Source records:
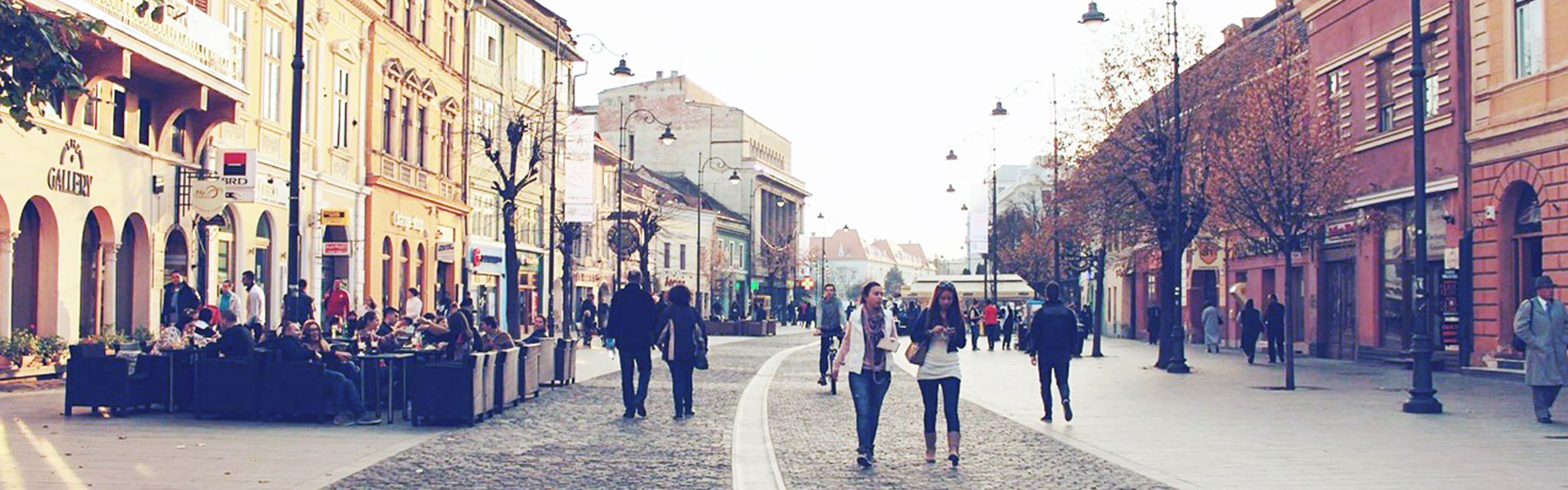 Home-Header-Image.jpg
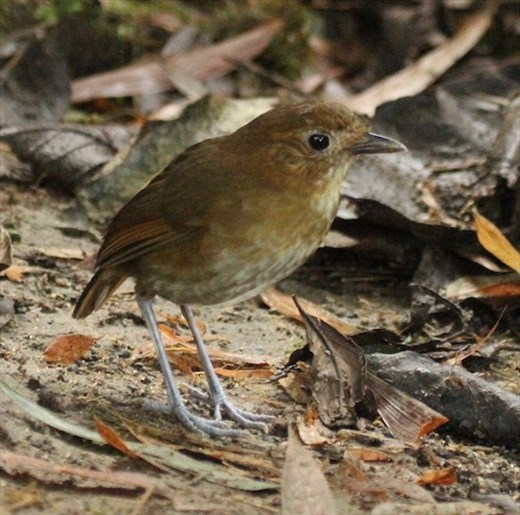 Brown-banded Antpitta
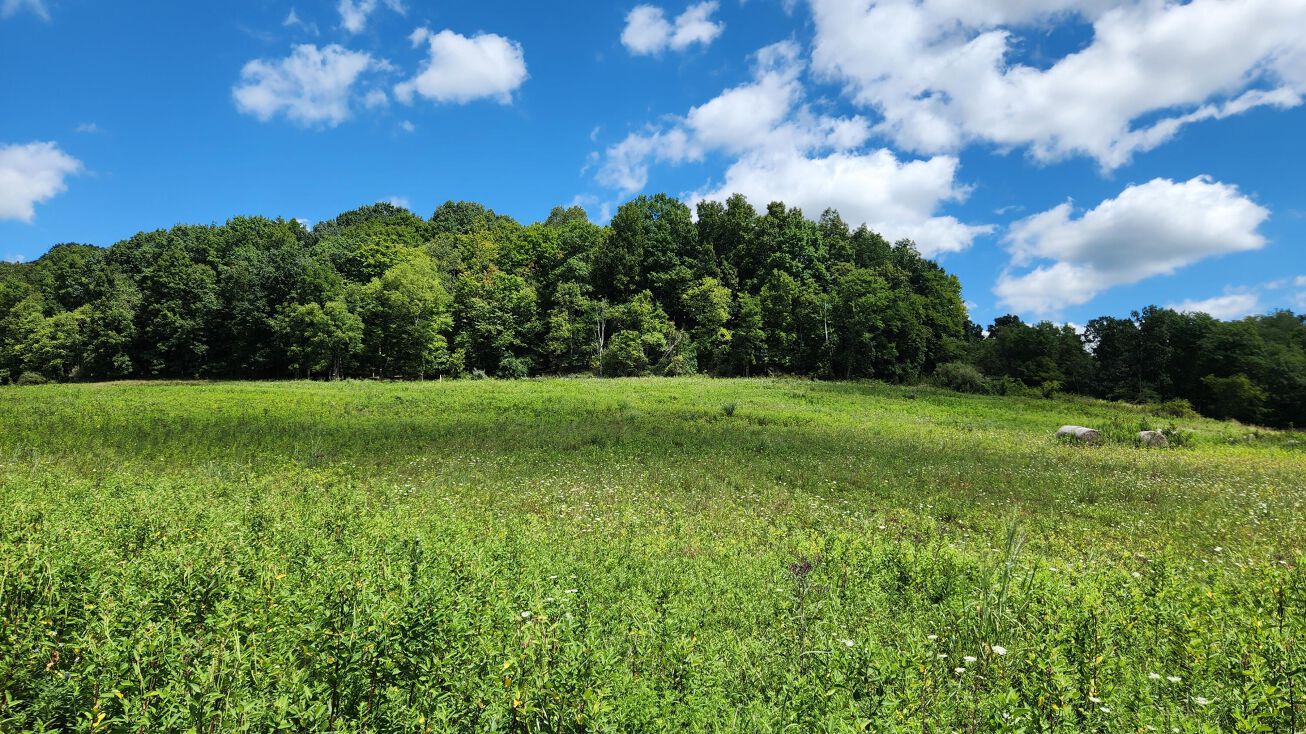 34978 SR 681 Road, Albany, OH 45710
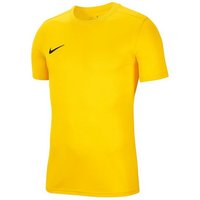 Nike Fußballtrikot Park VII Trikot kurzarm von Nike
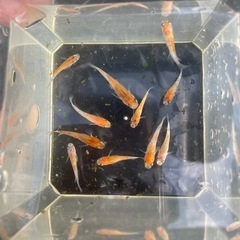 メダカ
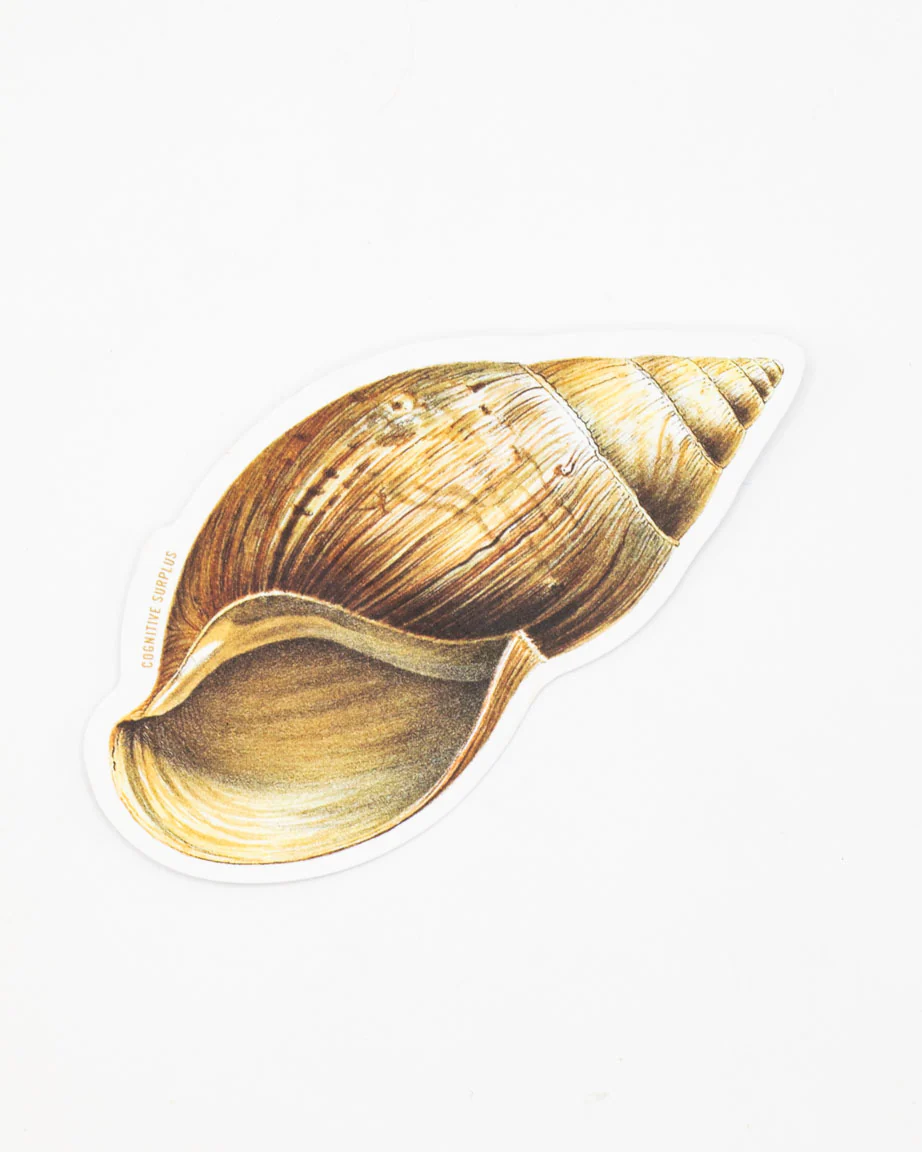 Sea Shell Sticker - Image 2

▶ [WORK TO COMPLETE]
All of the data above must be printed exactly, minus its pictures.

▶ [COMPLETED EXERCISE]
 Home-Header-Image.jpg
 Brown-banded Antpitta
 34978 SR 681 Road, Albany, OH 45710
 Nike Fußballtrikot Park VII Trikot kurzarm von Nike
 メダカ
 Sea Shell Sticker - Image 2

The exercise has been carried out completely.